I wasn't quite sure what to expect when I bought this book. The first part of the book includes the "Road to Wigan Pier", which is excellent. A very graphic description of the poverty endured by people in the north of England during the 1930s. The second half looks at the English national character, and is equally description. Having read Paxman's "The English", I found that Orwell's observations are much more enlightening and true. The attributes may have been observed 70 years ago, but many are still accurate today.
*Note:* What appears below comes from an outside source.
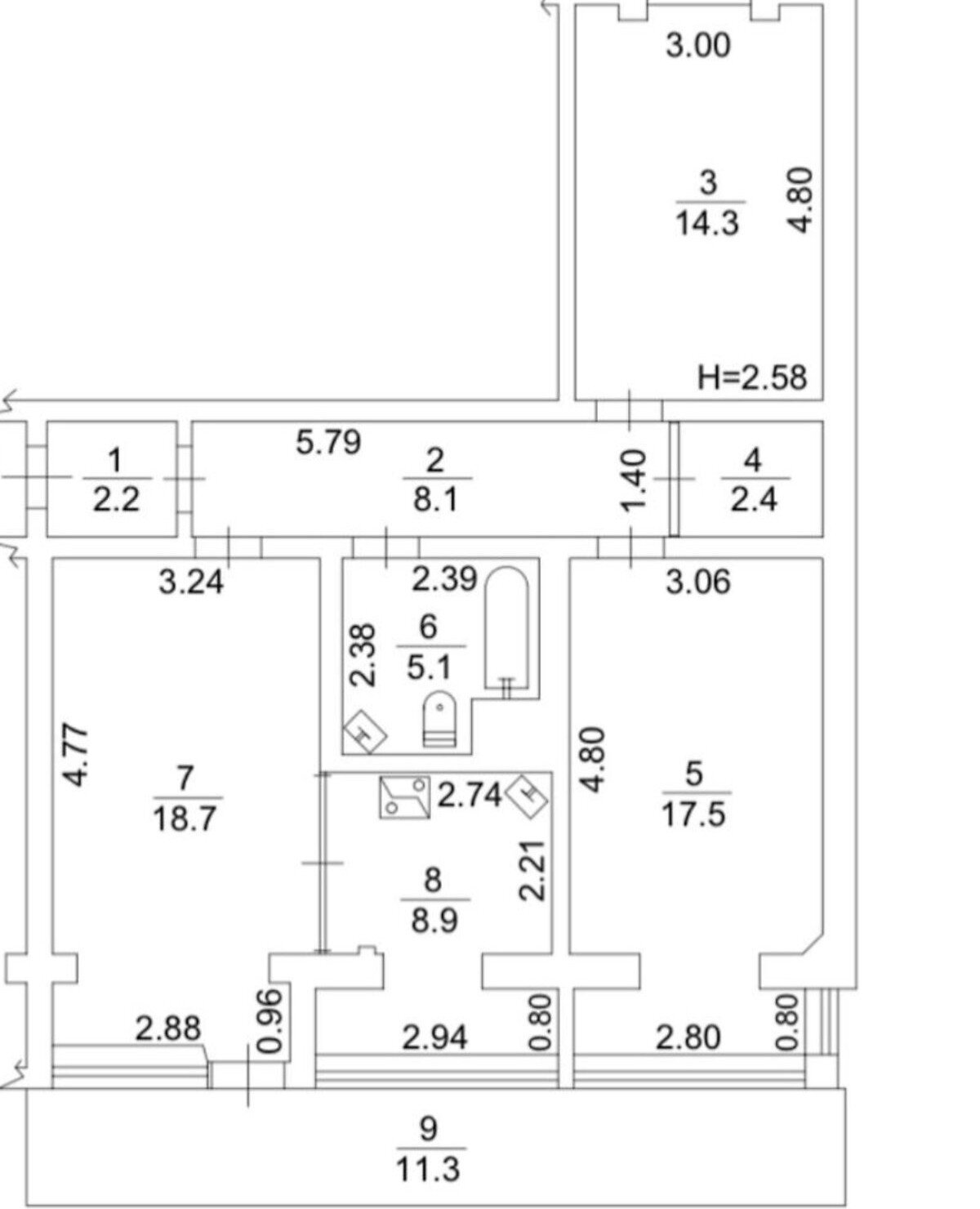 Продаж 3-кімнатної квартири 89 м²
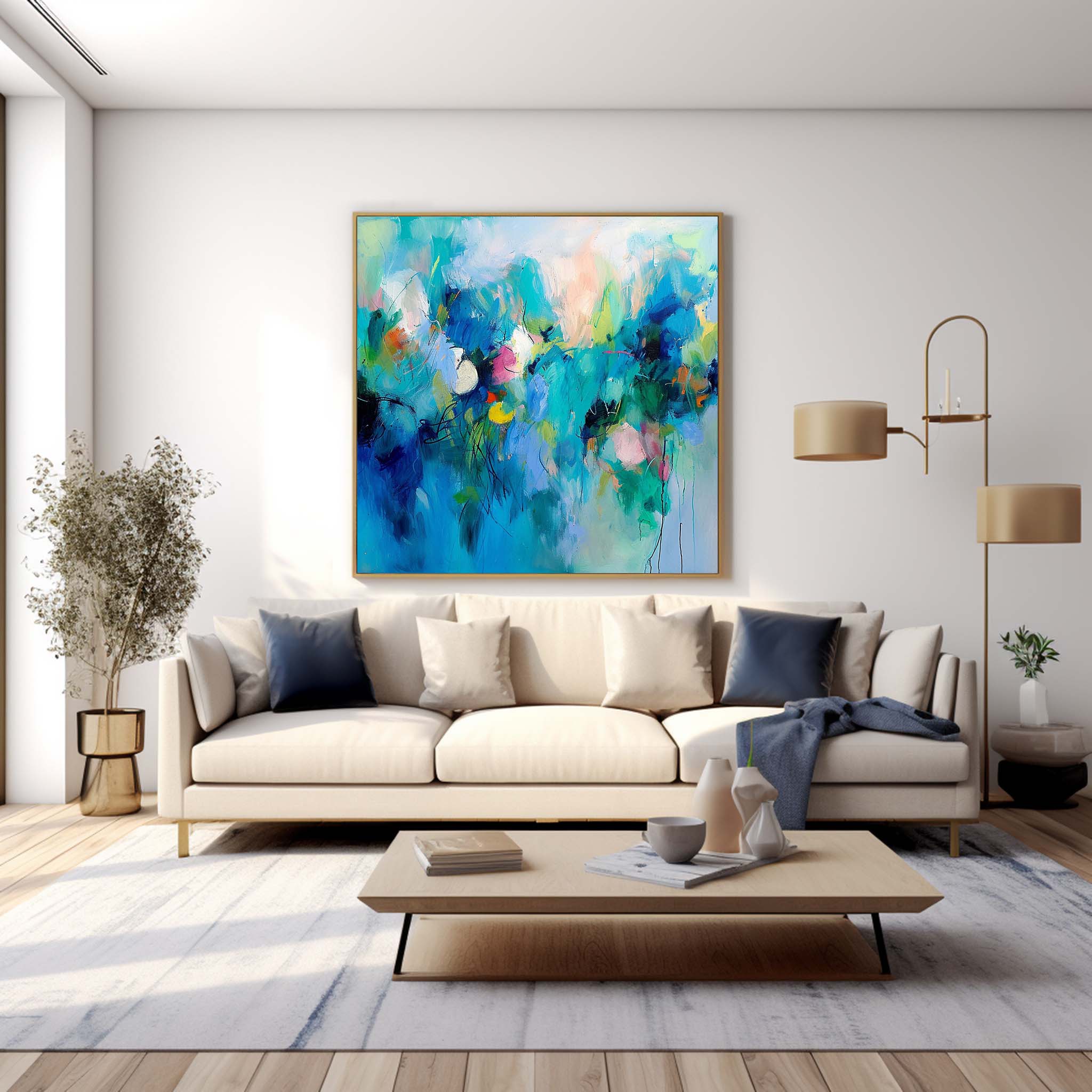 Wall Art Edgy Bold Color Pop Abstract Impasto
This excellent collection of essays alongside the brilliant Road To Wigan Pier shows some of Orwell's more journalistic work at its finest. Although he was the author of some brilliant fiction, Orwell made a name for himself before the war writing some excellent surveys of poverty and many other issues. The Road To Wigan Pier makes up the bulk of this work. It describes poverty in the northern industrial towns of Lancashire and Yorkshire, and in it Orwell gives an excellent story of the kinds of conditions the working classes were living in at that time. Perhaps the best part of this book is the description of the kinds of housing conditions these people had to endure, such as back-to-back houses, shared outdoor lavatories and the general dilapidation of the housing stock. All the writing in this work is a brutal condemantion of poverty and unemployment, and goes well with some of Orwell's other work, and betrays the fact that all was not well in interwar England.
I first read this book 40 years ago and was struck by the vivid reporting of the world of work (and its obverse, unemployment). That still blazes through, but now I find that the political agenda put forward by Blair, which has pssed its 75th birthday, is completely relevant and needs to be addressed by politicians and political theorists today.